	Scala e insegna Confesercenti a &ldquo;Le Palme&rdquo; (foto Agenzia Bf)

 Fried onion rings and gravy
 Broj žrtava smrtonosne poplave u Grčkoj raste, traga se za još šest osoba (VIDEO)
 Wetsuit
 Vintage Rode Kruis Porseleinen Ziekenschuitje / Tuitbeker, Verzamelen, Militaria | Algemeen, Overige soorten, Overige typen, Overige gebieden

_ _ _

* **Task details**
Each record needs to be duplicated exactly.

* **Expected output**
	Scala e insegna Confesercenti a &ldquo;Le Palme&rdquo; (foto Agenzia Bf)

 Fried onion rings and gravy
 Broj žrtava smrtonosne poplave u Grčkoj raste, traga se za još šest osoba (VIDEO)
 Wetsuit
 Vintage Rode Kruis Porseleinen Ziekenschuitje / Tuitbeker, Verzamelen, Militaria | Algemeen, Overige soorten, Overige typen, Overige gebieden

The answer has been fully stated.